**WORK INSTRUCTION**
Every entry below is to be copied word for word, with its pictures removed.
Segment Start: THE DATA
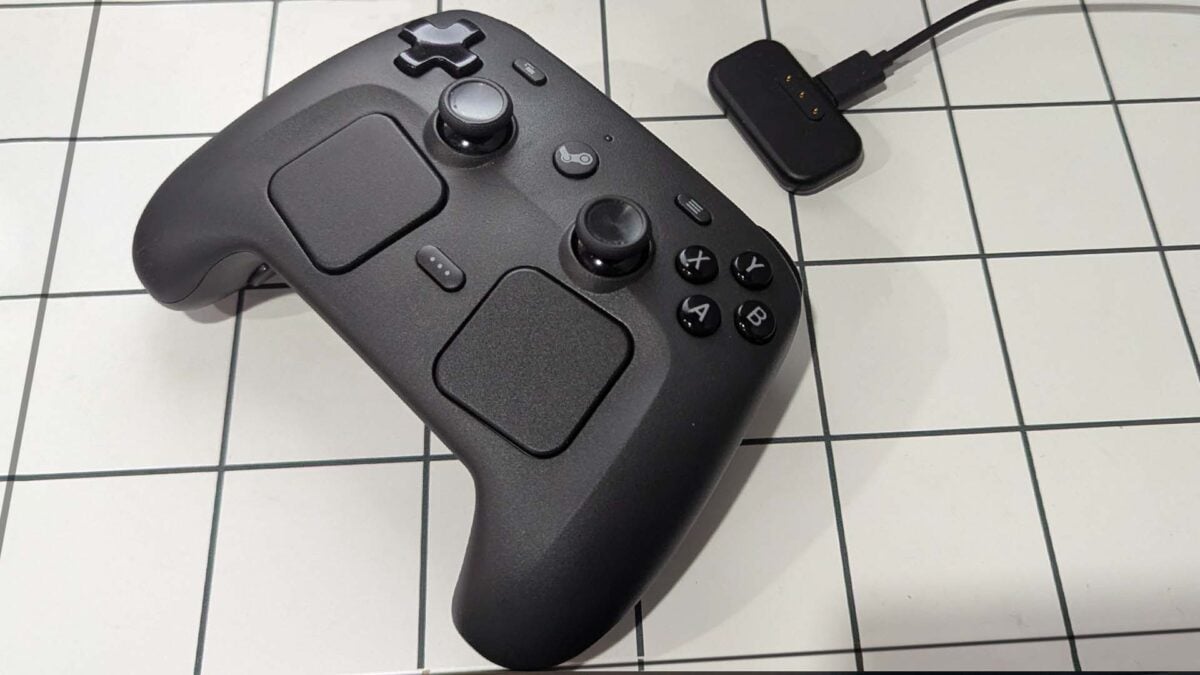 Valve’s New Steam Controller: The Kotaku Review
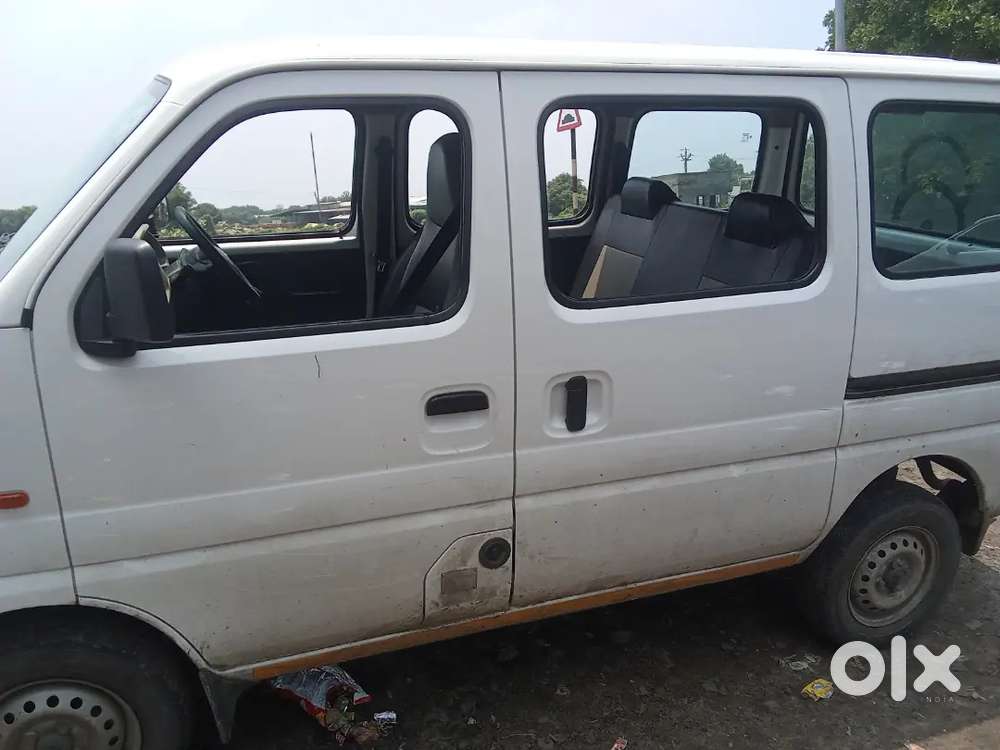 Brand New Maruti Suzuki Eeco Ac 5  Seater 2023/24 Cng 75000 Km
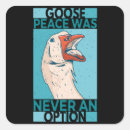 Search for optional stickers Goose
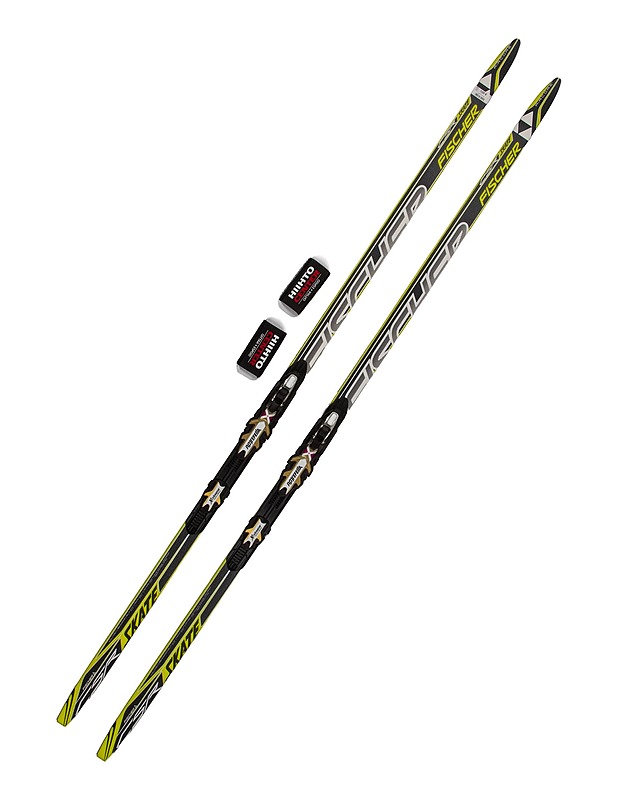 FISCHER CSR Skate 172/N717 sukset - Hiihto ja talviurheilu - 10105469494 - 0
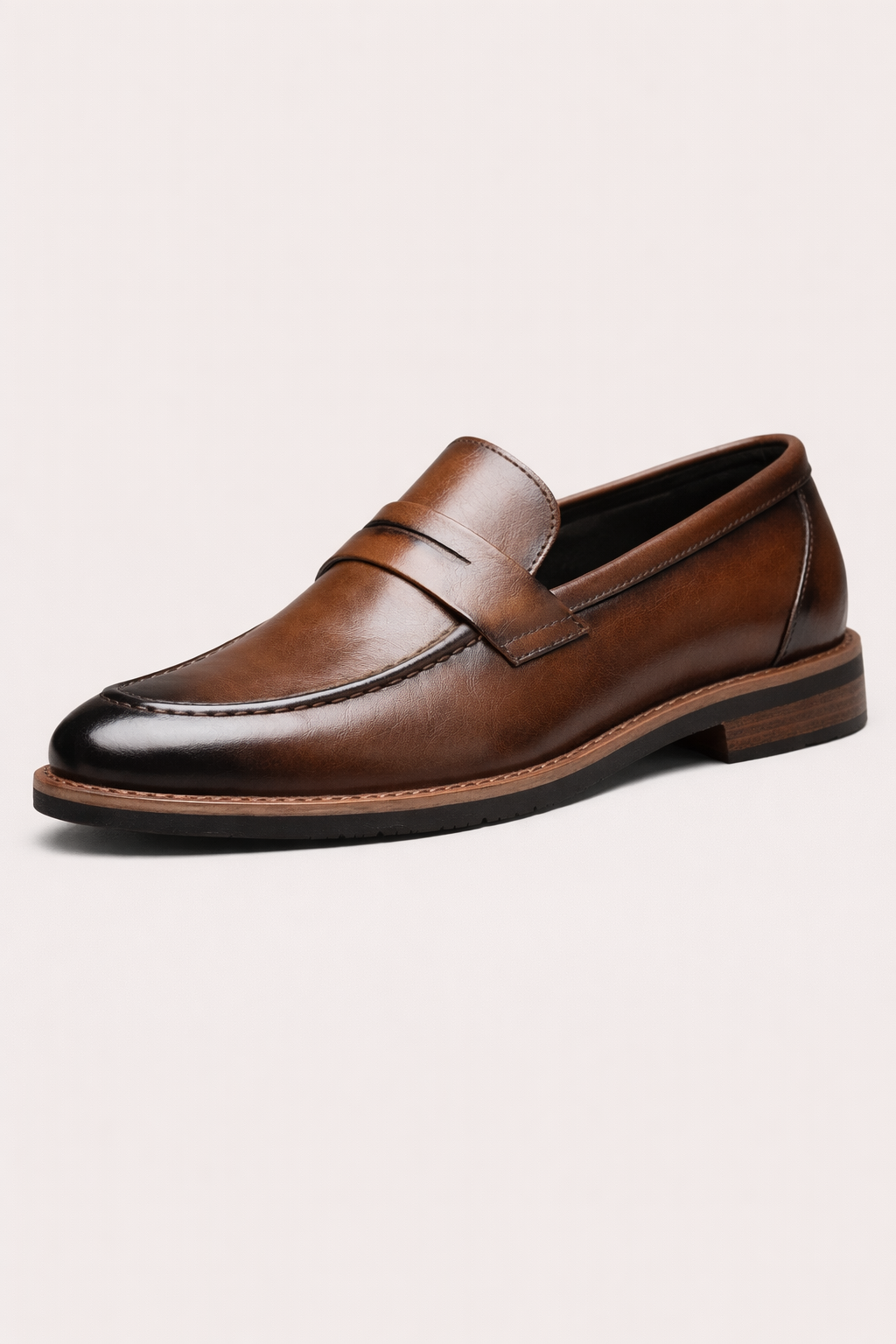 Mocasines elegantes para hombre con suela resistente - Thiberius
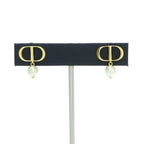 Dior Petit CD Earrings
Segment End: THE DATA
**RESULT OF THE EXERCISE**
 Valve’s New Steam Controller: The Kotaku Review
 Brand New Maruti Suzuki Eeco Ac 5  Seater 2023/24 Cng 75000 Km
 Search for optional stickers Goose
 FISCHER CSR Skate 172/N717 sukset - Hiihto ja talviurheilu - 10105469494 - 0
 Mocasines elegantes para hombre con suela resistente - Thiberius
 Dior Petit CD Earrings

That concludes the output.